• _ASSIGNED TASK_
Reproduce precisely the lines of the listing below, starting with the line that contains "2025 Panini The" and stopping after the line that contains "Miconia leafragilis"; include nothing else.

• _THE RECORDS_
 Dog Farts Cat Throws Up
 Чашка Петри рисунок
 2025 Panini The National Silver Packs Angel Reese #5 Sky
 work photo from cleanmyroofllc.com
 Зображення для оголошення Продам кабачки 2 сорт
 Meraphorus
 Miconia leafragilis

...

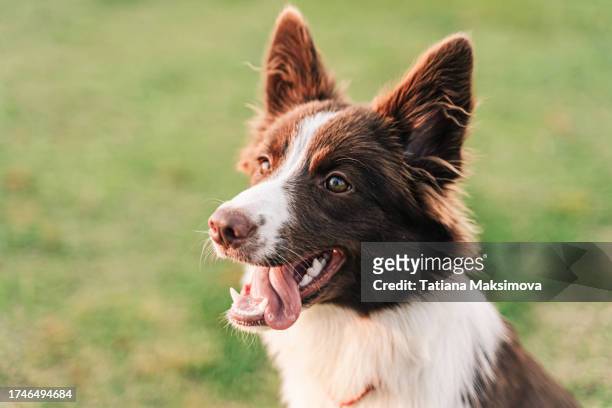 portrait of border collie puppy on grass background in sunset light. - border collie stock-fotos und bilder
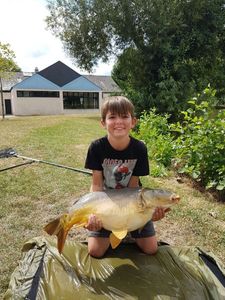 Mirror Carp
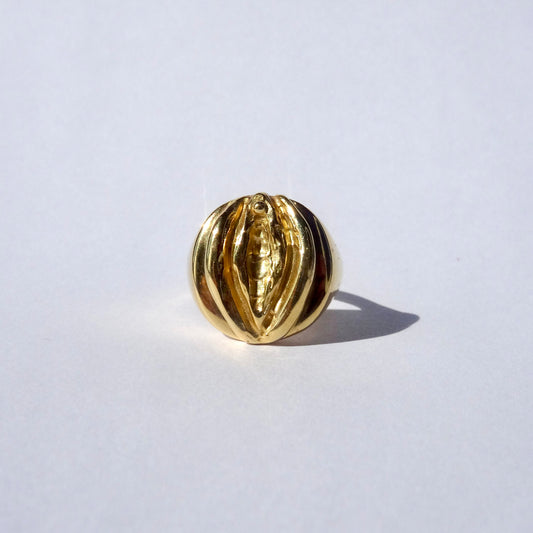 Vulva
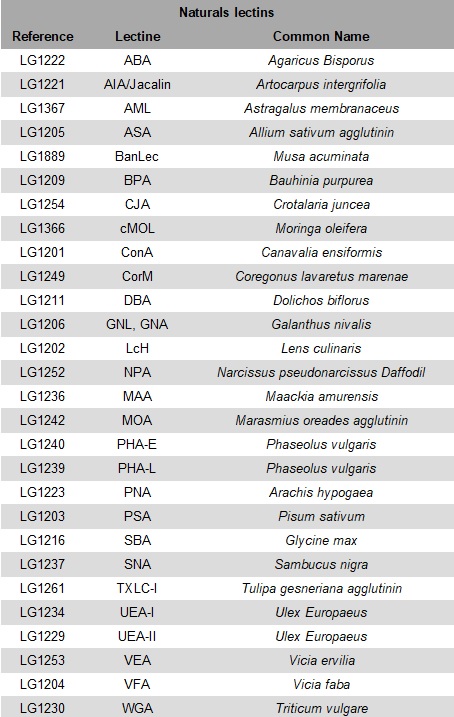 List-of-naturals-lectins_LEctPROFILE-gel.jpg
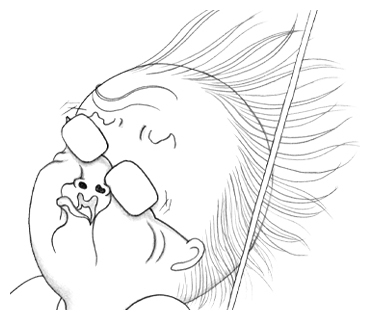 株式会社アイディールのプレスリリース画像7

--

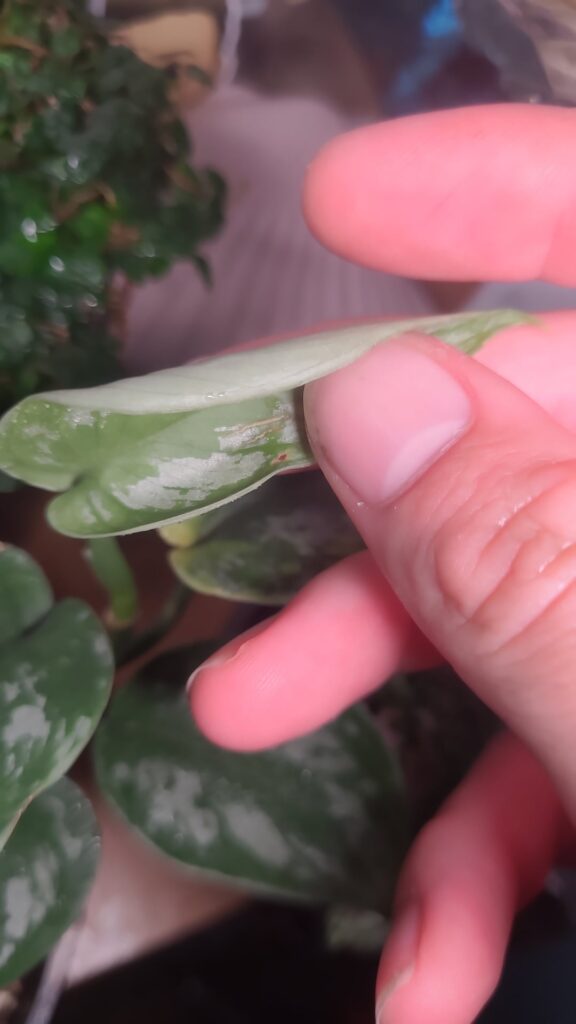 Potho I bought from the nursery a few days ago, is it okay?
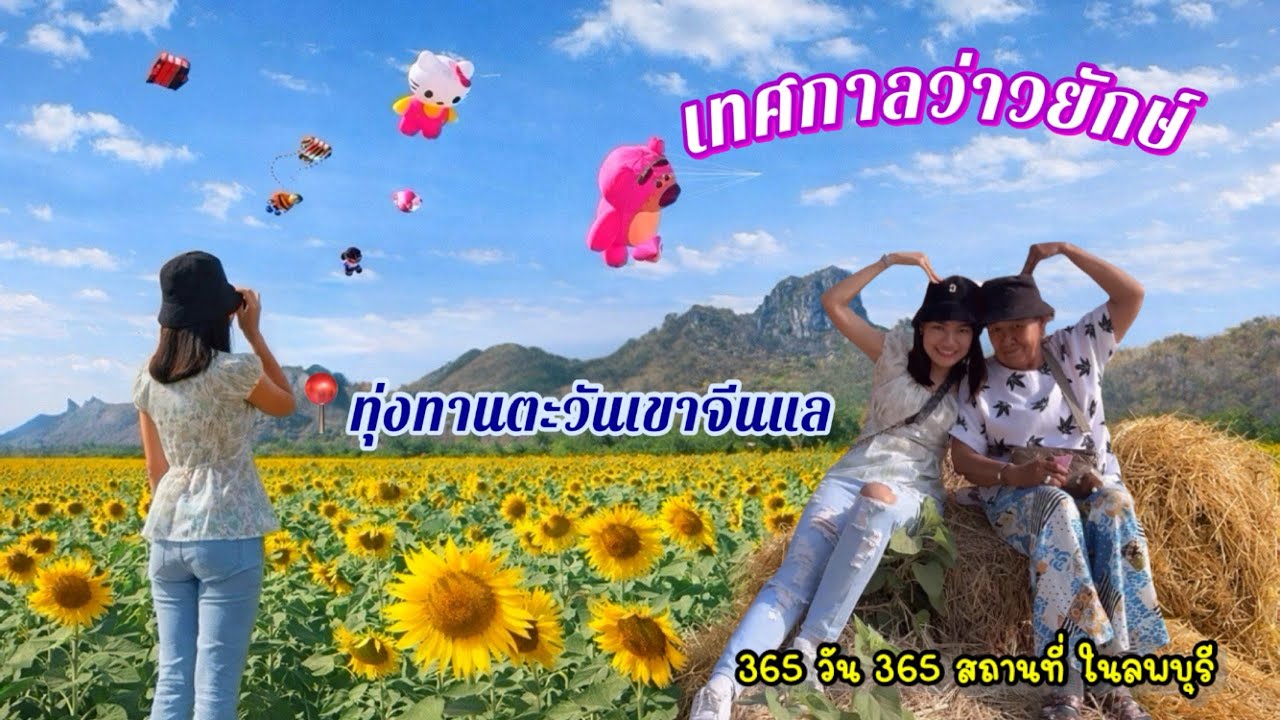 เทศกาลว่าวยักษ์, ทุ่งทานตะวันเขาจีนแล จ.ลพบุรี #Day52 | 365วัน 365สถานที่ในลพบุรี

• _REPLY_
 2025 Panini The National Silver Packs Angel Reese #5 Sky
 work photo from cleanmyroofllc.com
 Зображення для оголошення Продам кабачки 2 сорт
 Meraphorus
 Miconia leafragilis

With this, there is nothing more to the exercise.